# Whre can I find the wooden trim?



## rssarma (Aug 8, 2005)

My car was broken into a couple of weeks back and my stereo was stolen, in the process the wooden trim around the stereo was damaged. I was wondering if anyone knew where I could find this part. The dealership is pretty expensive so something aftermarket would be nice. If any of you guys know about any online stores, ebay auctions etc. where I could find tis trim, please let me know.

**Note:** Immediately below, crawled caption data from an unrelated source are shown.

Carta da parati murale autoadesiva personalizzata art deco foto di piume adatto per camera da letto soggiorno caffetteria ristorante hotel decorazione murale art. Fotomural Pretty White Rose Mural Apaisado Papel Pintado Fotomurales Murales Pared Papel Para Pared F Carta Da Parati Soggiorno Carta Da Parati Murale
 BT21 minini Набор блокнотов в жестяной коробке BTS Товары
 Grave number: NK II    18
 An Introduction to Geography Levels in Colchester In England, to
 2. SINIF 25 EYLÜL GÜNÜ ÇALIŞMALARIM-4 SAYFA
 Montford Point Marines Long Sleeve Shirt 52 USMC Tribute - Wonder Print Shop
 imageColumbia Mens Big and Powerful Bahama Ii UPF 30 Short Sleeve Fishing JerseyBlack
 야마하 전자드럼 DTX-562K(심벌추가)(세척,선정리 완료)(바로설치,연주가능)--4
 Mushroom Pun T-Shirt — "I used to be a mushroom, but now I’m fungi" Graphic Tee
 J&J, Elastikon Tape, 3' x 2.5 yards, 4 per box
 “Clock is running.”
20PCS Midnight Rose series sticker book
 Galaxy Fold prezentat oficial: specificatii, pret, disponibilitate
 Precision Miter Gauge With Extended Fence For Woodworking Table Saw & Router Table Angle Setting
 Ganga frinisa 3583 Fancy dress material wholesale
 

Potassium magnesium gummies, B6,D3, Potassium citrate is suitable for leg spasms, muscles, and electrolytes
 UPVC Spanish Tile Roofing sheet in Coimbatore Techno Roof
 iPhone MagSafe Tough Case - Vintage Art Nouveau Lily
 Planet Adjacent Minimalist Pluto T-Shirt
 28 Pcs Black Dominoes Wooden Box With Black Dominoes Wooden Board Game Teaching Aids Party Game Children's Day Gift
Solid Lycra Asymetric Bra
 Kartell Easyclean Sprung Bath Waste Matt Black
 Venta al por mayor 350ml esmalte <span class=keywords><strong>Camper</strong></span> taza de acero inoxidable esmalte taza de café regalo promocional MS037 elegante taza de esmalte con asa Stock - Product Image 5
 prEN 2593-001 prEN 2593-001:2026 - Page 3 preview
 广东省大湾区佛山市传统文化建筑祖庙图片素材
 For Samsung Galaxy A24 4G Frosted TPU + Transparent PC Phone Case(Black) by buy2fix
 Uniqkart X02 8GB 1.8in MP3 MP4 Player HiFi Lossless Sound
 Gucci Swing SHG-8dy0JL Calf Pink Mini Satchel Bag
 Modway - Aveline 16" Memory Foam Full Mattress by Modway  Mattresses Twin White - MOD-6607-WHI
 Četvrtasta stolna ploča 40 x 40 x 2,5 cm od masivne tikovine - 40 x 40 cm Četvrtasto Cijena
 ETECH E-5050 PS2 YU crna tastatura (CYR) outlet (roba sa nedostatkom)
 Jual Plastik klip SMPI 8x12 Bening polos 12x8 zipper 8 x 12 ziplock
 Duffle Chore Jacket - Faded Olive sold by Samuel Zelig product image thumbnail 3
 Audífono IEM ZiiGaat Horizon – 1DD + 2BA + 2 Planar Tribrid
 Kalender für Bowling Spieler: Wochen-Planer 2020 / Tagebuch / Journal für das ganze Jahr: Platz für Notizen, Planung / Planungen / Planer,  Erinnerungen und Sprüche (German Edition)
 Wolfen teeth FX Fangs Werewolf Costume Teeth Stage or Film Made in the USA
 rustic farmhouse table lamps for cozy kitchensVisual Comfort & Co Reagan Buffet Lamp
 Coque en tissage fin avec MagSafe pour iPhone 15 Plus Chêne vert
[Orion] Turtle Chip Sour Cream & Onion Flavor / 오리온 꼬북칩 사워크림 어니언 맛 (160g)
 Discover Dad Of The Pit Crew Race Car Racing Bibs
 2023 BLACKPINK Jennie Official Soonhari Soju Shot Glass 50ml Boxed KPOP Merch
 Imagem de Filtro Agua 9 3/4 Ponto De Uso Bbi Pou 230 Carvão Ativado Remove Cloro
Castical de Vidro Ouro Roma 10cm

Any help is appreciated, thanks in advance.


----------



## Asleep (Jan 19, 2003)

classifieds maybe?


----------



## rssarma (Aug 8, 2005)

Anything online? I don't even know what the official name for the part is, is there any way I can find out?


----------



## Asleep (Jan 19, 2003)

i found some stuff while on ebay last night. http://cgi.ebay.com/ebaymotors/93-9...tegoryZ33705QQihZ007QQitemZ170006088147QQrdZ1


----------



## rssarma (Aug 8, 2005)

Wow, that IS what I need, except that one's for the 93 Altims, however I have emailed the seller hopefully he might know where I can find this. Thanks for your help AsleepAltima, really appreciate it.


----------



## Asleep (Jan 19, 2003)

no problem. anything to help.


----------